Eurosceptics in Prime Minister Theresa May’s Tory party presented an alternative plan to the government’s that envisions a clean break from the EU bloc.
The question of how to engineer Britain’s departure without ruining its economy in the process has torn apart the ruling party since the Brexit referendum was passed in 2016.
Britain will formally leave the EU on March 29 even if no deal on the divorce terms is reached.
A group calling itself the Economists for Free Trade presented the plan on Tuesday, saying it was offering a “Clean Brexit — that is, a World Trade Deal under WTO rules.”
The deal “would allow us to leave the Single Market and the Customs Union, regain control over our borders, laws, and regulations, free ourselves from the European Court of Justice, and have freedom to establish our own trading relationships with the rest of the world,” the group said.
The WTO plan meets the demands of the most strident proponents of Britain charting its own course in trade relations and wresting back legal levers of power from Brussels.
The government is instead proposing a plan to continue trading in goods with the EU under a “common rulebook” after Brexit to ensure frictionless trade at the border.
Tuesday’s event included former foreign secretary Boris Johnson and leading conservative Jacob Rees-Moog as well others whose views differ sharply from those of most members of May’s cabinet.
Some economists question the wisdom of relying on the unwieldy 164-nation World Trade Organization for defining a nation’s basic trade terms with its closest partners.
But the pro-Brexit group said WTO rules would help the UK economy expand by an additional seven percent over the government’s current projections for growth for the coming 15 years.
“The average household would gain around 8 percent, while the poorest household will be 15 percent better off,” the report said.

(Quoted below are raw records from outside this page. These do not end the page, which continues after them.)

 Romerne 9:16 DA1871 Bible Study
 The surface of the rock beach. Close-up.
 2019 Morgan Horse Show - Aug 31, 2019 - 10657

“The Treasury will receive about 10 percent extra revenue — around £80 billion ($104 billion, 90 billion euros).”
The group said the benefits would come mostly from Britain signing new and more advantageous free trade agreements.
The WTO “deal does not imply ‘walking away’ from the Brussels negotiations, as there are other aspects of the new EU-UK relationship… that need to be agreed,” the group said.
“A World Trade Deal only implies that there will not be an EU trade deal – not that there will be no deal on anything at all.”